Figure 2.. Downstream Effects of Gut Microbiota-generated Short-chain Fatty Acid (SCFA) in Cardiovascular System

Legend: SCFAs produced by gut microbiota exert their cardiovascular effects by 1) indirectly improving intestinal barrier function by promoting mucous production; 2) activate Olfr78 in mouse (or hOR51E2 in humans) in the renal juxtaglomerular apparatus (JGA) and peripheral vasculature, that leads to increased renin release, and raised blood pressure thereby counteracting hypotensive responses mediated by GPR41; and 3) activate histone acetyltransferases (HAT) and inhibit histone deacetylases (HDACs) thereby inhibiting inflammation, balancing gene regulation (epigenome) and modulates immune cell activation.

Figure 3:. Microbial Generation of Dietary-Induced Trimethylamine (TMA) and Trimethylamine N-oxide (TMAO)

Legend: Diets rich in choline/phosphatidylcholine and carnitine can be metabolized by certain species of gut microbiota to TMA that is then converted to TMAO by hepatic flavin mono-oxygenase (FMO, especially FMO3) and excreted via the kidneys from the circulation. Accumulation of TMAO levels has been associated with atherogenesis, platelet hyperactivation, and future development of adverse cardiac events such as myocardial infarction, stroke, and death. Adverse cardiac remodeling is also associated with elevated TMAO levels. Gamma butyrobetaine, a precursor for endogenous synthesis of carnitine, can also be converted to TMA (Modified from Wang et al, Nature 2011; Koeth et al, Nat Med 2013; Koeth et al, Nat Med 2014)^,,

Figure 4.. The relationship between plasma levels of TMAO and 5yr mortality risk in Patients with Chronic Heart Failure.
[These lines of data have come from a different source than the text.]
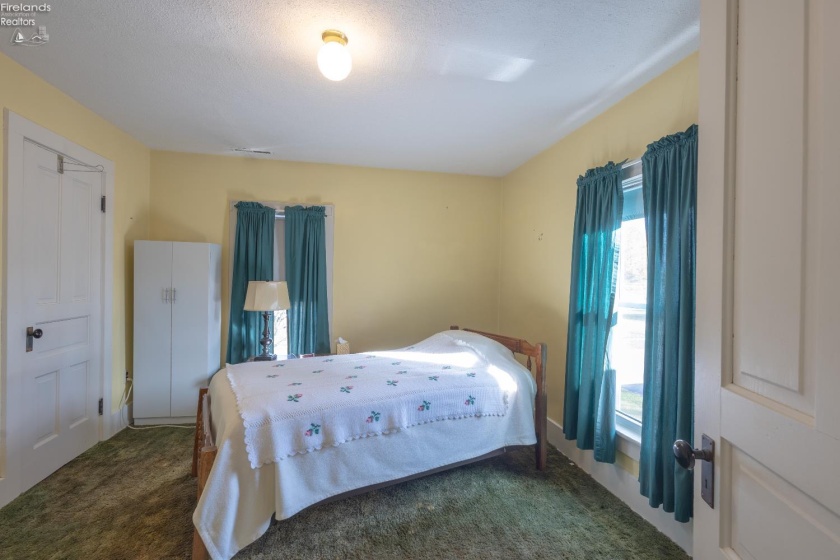 183 Sheffield Street, Bellevue, 44811, 5 Bedrooms Bedrooms, ,2 BathroomsBathrooms,Residential,For Sale,Sheffield,20254570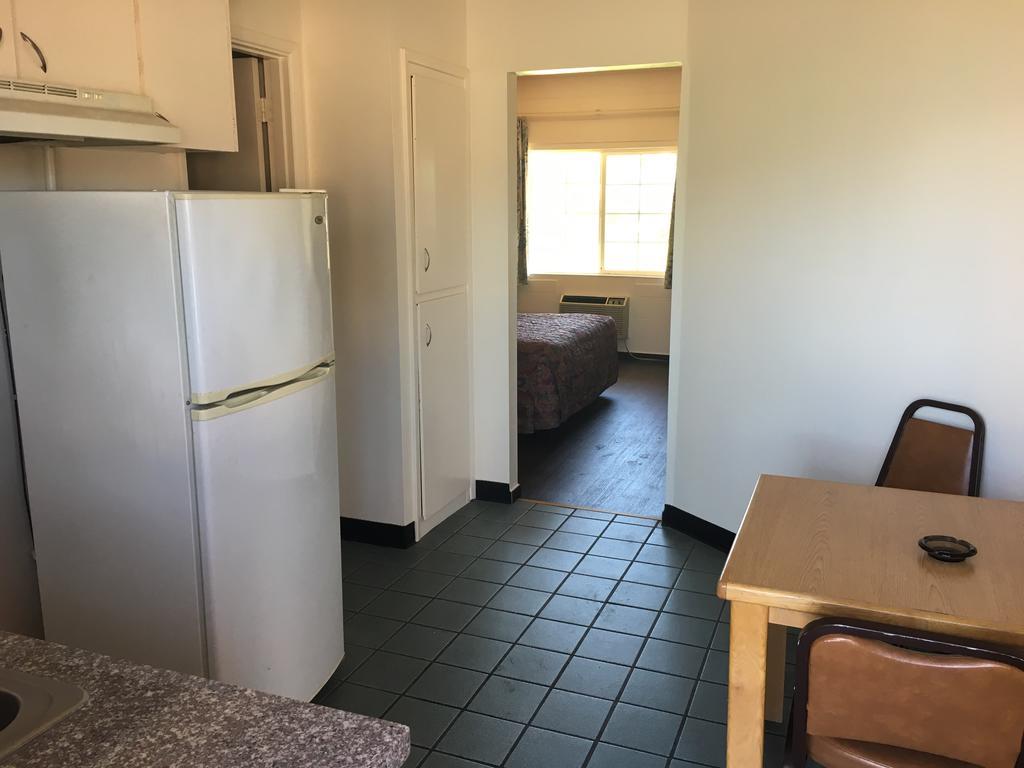Budget Inn Motel Woodburn Dış mekan fotoğraf
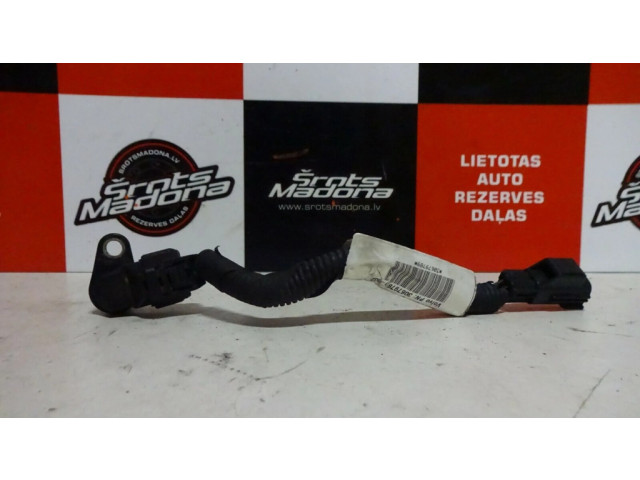 Датчик положения коленчатого вала Volvo S40, V40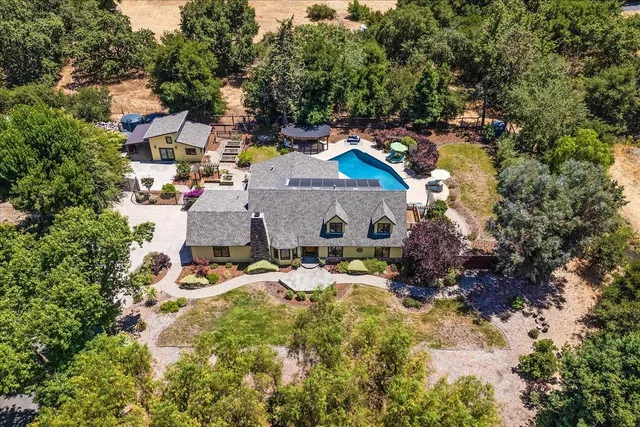 $2,750,000 | 21400 Tierra Grande Court, San Jose, CA 95120
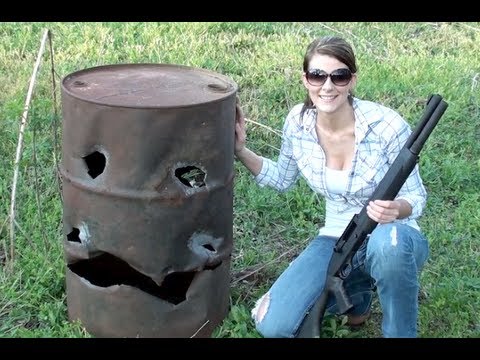 THIS GIRL CAN HANDLE A SHOTGUN!! Video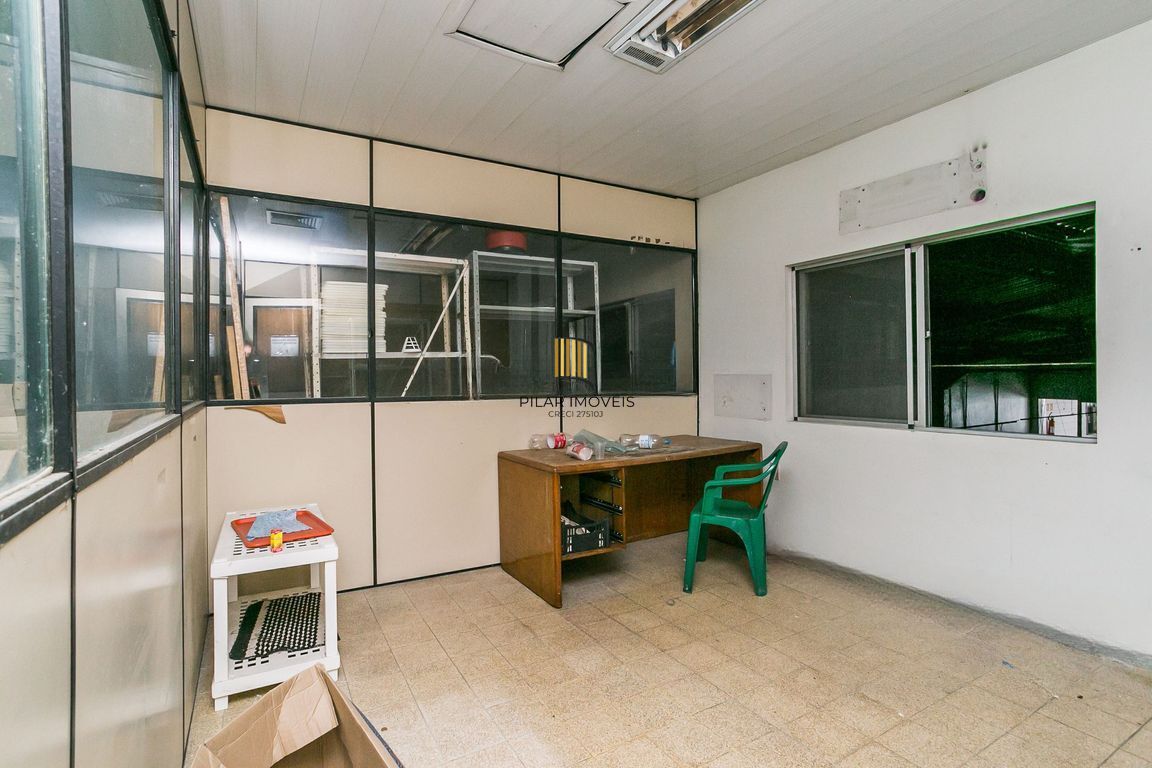 Predio para Venda - 750m², 0 dormitórios, 3 vagas - Cavalhada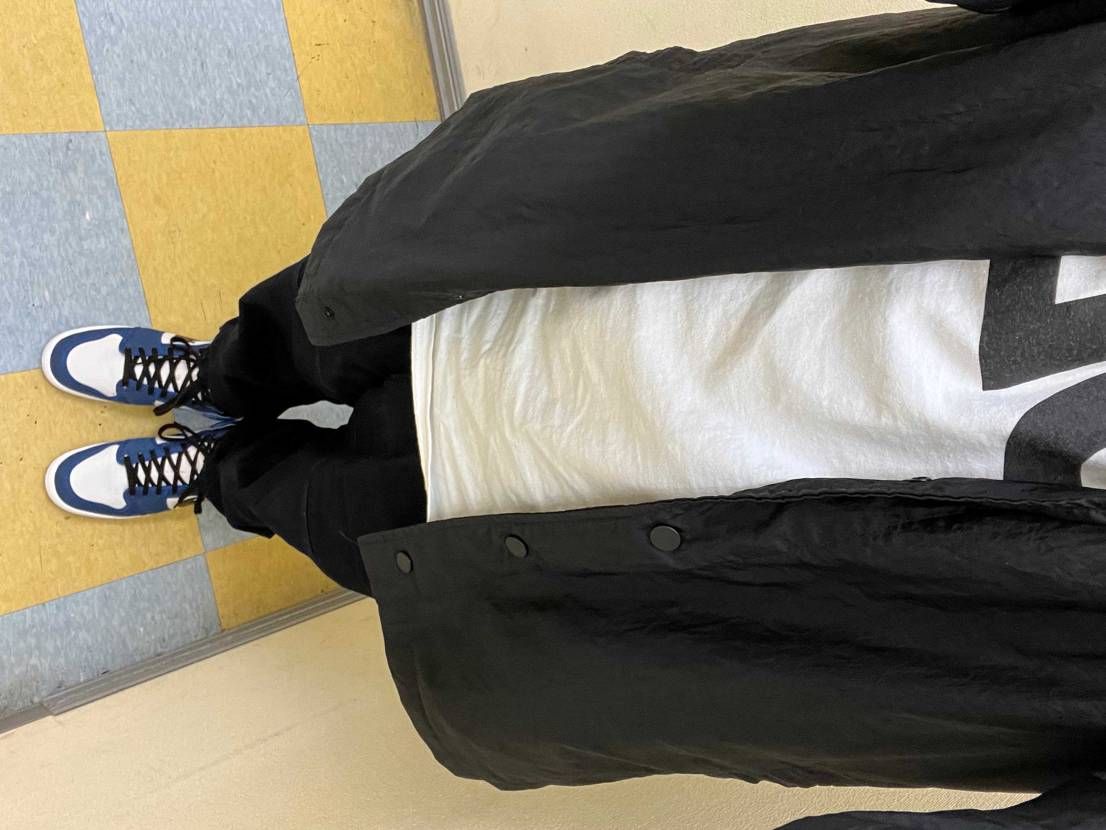 今日下ろしました！
koブルー良きですね！
自撮りで見づらいですが。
Legend: Patients with a history of heart failure stratified according to quartiles of fasting TMAO levels and circulating B-type natriuretic peptide (BNP) levels showing an increased incidence of 5-year mortality with rising TMAO levels, independent of BNP levels (from Tang WH et al., J Am Coll Cardiol 2014)

Figure 5.. Microbial Metabolic Pathways as Potential Druggable Targets.

Caption: Carnitine (and gamma butyrobetaine) can be converted by gut microbiota to trimethylamine (TMA) via carnitine TMA lyases such as CntA/B or YeaW/X, whereas choline can be converted to TMA via choline TMA lyases such as CutC/D or YeaW/X. Betaine conversion to TMA is in much lower quantities. Many of these enzymes are unique in some microbial species, making them attractive druggable targets for inhibition to reduce TMA production (such as 3,3-dimethyl-1-butanol [DMB] as choline TMA lyase inhibitors (Wang et al., Cell 2015).